Proteins encoding phosphotyrosine binding (PTB) domains function as adaptors or scaffolds to organize the signaling complexes involved in wide-ranging physiological processes including neural development, immunity, tissue homeostasis and cell growth. Due to structural differences, PTB domains are divided into three groups represented by phosphotyrosine-dependent IRS-like (see <PDOC51064>), phosphotyrosine-dependent Shc-like, and phosphotyrosine-independent Dab-like PTBs. The last two PTBs have been named as phosphotyrosine interaction domain (PID or PI domain). PID domain has an average length of about 160 amino acids [1].

The Shc-like PID specifically binds to the Asn-Pro-Xaa-Tyr(P) motif found in many tyrosine-phosphorylated proteins including growth factor receptors. On the other hand the Dab-like PID domain binds to non-phosphorylated tyrosine residue or even a phenylalanine at the same position [2]. Most of the ligands for Shc-like PID domains are RTK or cytokine, whereas phosphotyrosine independent Dab-like PID domains seems to mediate other types of signaling pathways, like endocytosis/processing or exocytosis.

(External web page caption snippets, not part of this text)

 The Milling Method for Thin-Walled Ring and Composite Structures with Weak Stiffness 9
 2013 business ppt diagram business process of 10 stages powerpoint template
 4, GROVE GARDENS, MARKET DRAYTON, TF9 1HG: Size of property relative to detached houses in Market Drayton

This domain binds both peptides and headgroups of phosphatidylinositides, utilizing two distinct binding motifs to mediate spatial organization and localization within cells [1,2,3,4].

The 3D structure of PID domain has been solved (see <PDB:1NTV>) [5]. It shares a folding pattern, commonly referred to as the PH-domain "superfold". The core "superfold" consists of seven antiparallel β strands forming two orthogonal β sheets. This β sandwich is capped at the C terminus by an α helix. It contains a peptide binding pocket (formed by the β strand 5 and C-terminal α helix) and a highly basic phospholipid binding "crown" (largely composed of residues from loop regions near the N terminus). Both Shc and Dab1 have two additional α helices, one of which is located at the N terminus and the other between β 1 and β 2 strands.

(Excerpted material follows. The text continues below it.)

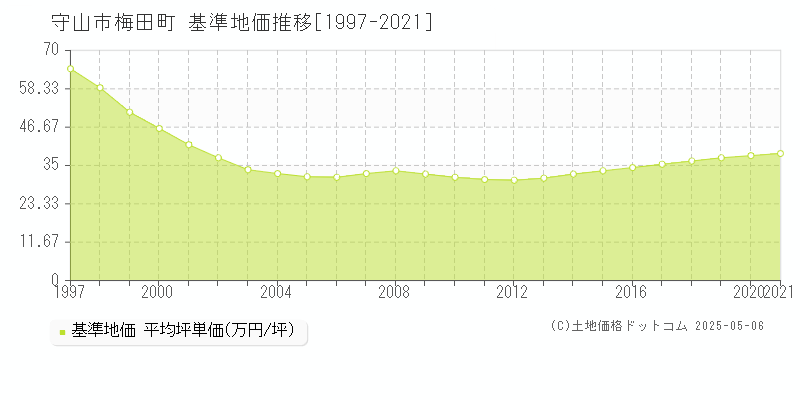 梅田町(守山市)の基準地価推移グラフ(坪単価)[1997-2021年]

PID has also been found in the proteins listed below.

• Mammalian Shc transforming protein which contains one N-terminal PID and a C-terminal SH2 domain (see <PDOC50001>).
• Human Shc-related protein Sck that shares the same modular architecture.
• Mammalian protein X11 which is expressed prominently in the nervous system. It contains 2 disc homologous regions (DHR) downstream of the PID.
• Rat FE65, a transcription-factor activator expressed preferentially in liver. The presence of a WW domain (see <PDOC50020>) as well as 2 PIDs indicate a possible role in signal transduction.
• Drosophila nuclear Numb protein, which is required in determination of cell fate during sensory organ formation in Drosophila embryos. It has one PID.
• Drosophila protein disabled (gene dab), which is involved in embryonic neural development. This cytoplasmic, tyrosine phosphorylated protein is found in CNS axons and body wall muscles. It contains one N-terminal PID.
• Mouse mitogen-responsive phosphoprotein P96 and the human homolog, DOC-2. They possess one N-terminal PID.
• Mammalian regulator of G-protein signalling 12 (RGS12).
• Caenorhabditis elegans hypothetical protein F56D2.1 which contains an N-terminal insulinase-type domain (see <PDOC00130>) followed by a PID.

The profile we developed covers the entire PID domain.